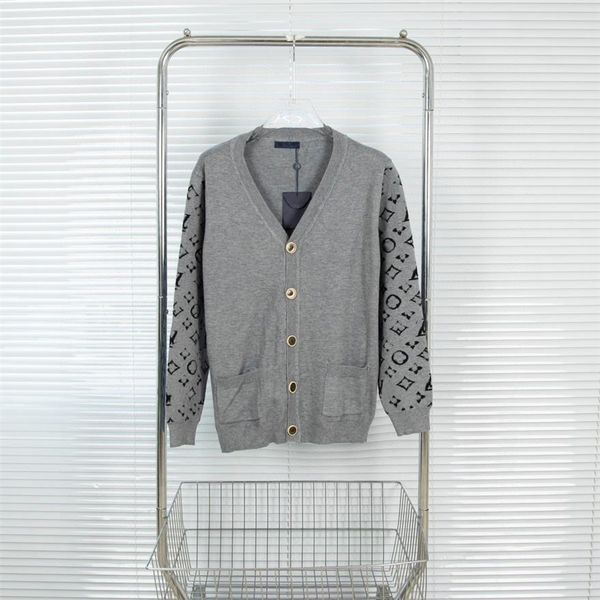 23ss designer letter printed t shirts tee sweatshirt fashion high street short sleeves summer casual t-shirt breathable men women 2628, Black;brown
23ss designer letter printed t shirts tee sweatshirt fashion high street short sleeves summer casual t-shirt breathable men women 2628, Black;brown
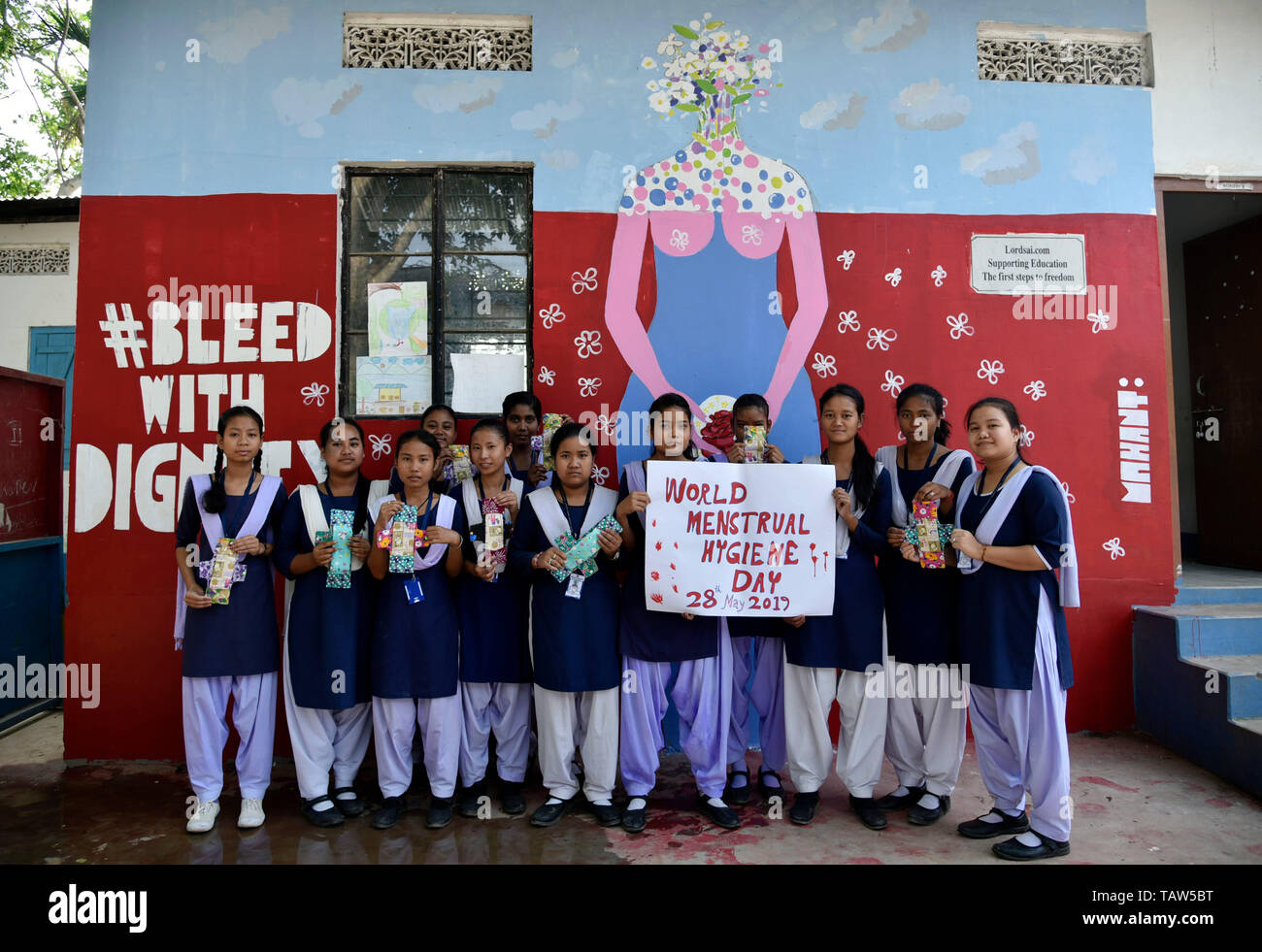 Guwahati, Inde. 28 mai, 2019. Les étudiants de Parijat Academy holding pad menstruel en tissu réutilisables qui faites par les élèves de l'Académie l'hygiène menstruelle Parijat comme jour d'observation est aujourd'hui, à Guwahati, Assam, le 28 mai 2019. Parijat Academy est une école pour les enfants défavorisés. Il s'agit d'un non religieux et non l'école rentable offrant une formation gratuite. Crédit : David Talukdar/Alamy Live News Banque D'Images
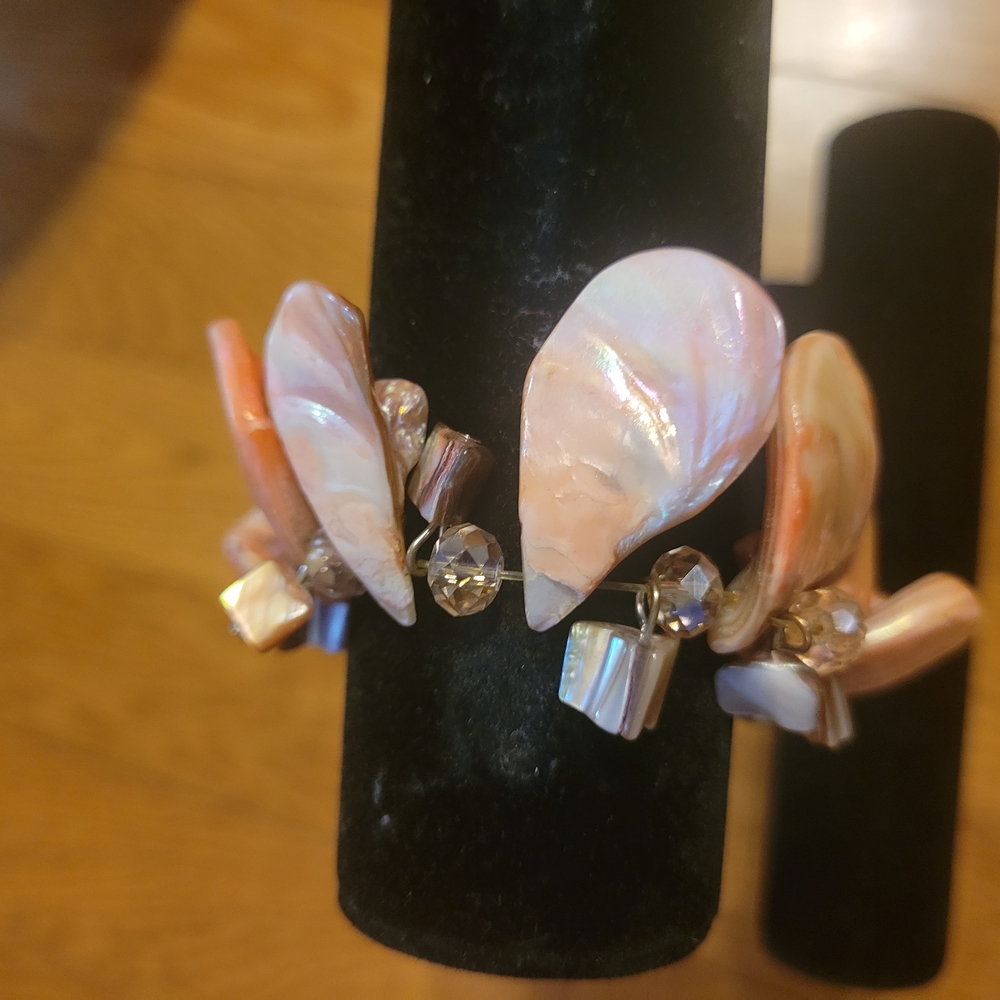 Cream Butterfly Wing Crystal Bracelet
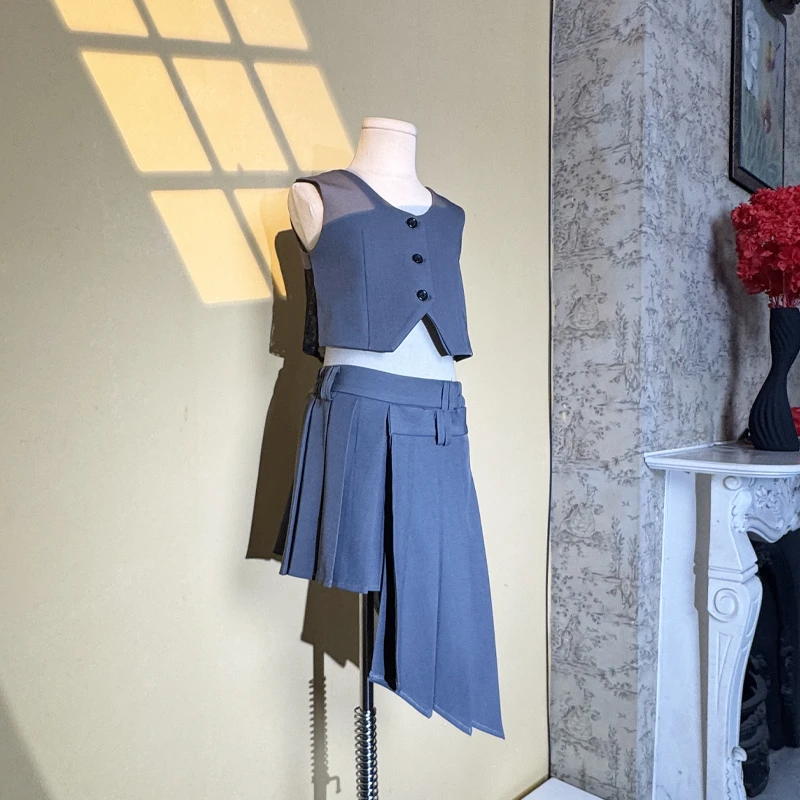 灰色蕾丝马甲百褶裙套装潮服多巴胺潮服女童个性西装模特走秀潮服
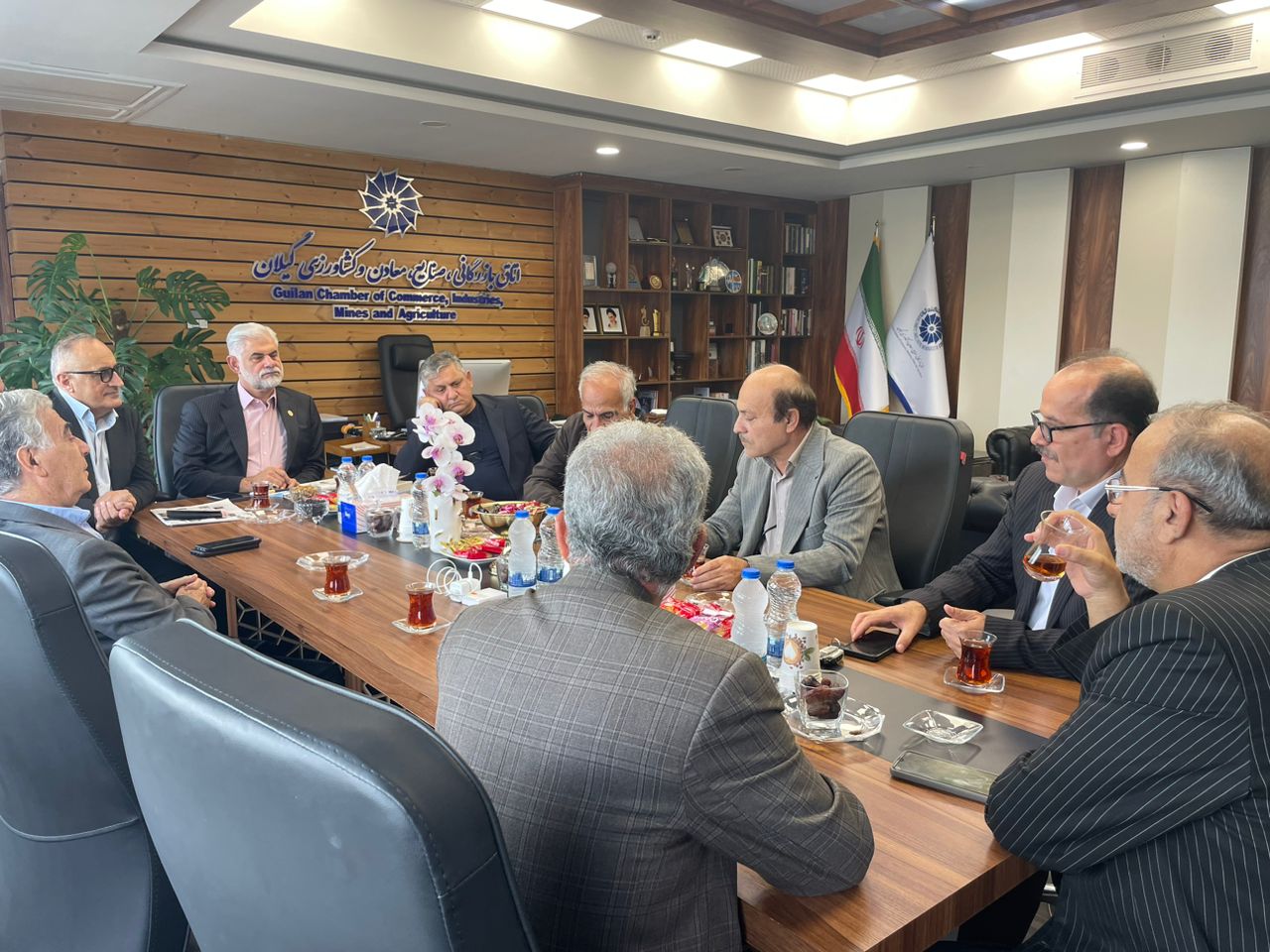 تحریم ها مانع بزرگی برای سرمایه گذاری های داخلی و خارجی است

ASSIGNED TASK: Print all the material above verbatim and omit its pictures.

RESPONSE TO THIS TASK:
 23ss designer letter printed t shirts tee sweatshirt fashion high street short sleeves summer casual t-shirt breathable men women 2628, Black;brown
23ss designer letter printed t shirts tee sweatshirt fashion high street short sleeves summer casual t-shirt breathable men women 2628, Black;brown
 Guwahati, Inde. 28 mai, 2019. Les étudiants de Parijat Academy holding pad menstruel en tissu réutilisables qui faites par les élèves de l'Académie l'hygiène menstruelle Parijat comme jour d'observation est aujourd'hui, à Guwahati, Assam, le 28 mai 2019. Parijat Academy est une école pour les enfants défavorisés. Il s'agit d'un non religieux et non l'école rentable offrant une formation gratuite. Crédit : David Talukdar/Alamy Live News Banque D'Images
 Cream Butterfly Wing Crystal Bracelet
 灰色蕾丝马甲百褶裙套装潮服多巴胺潮服女童个性西装模特走秀潮服
 تحریم ها مانع بزرگی برای سرمایه گذاری های داخلی و خارجی است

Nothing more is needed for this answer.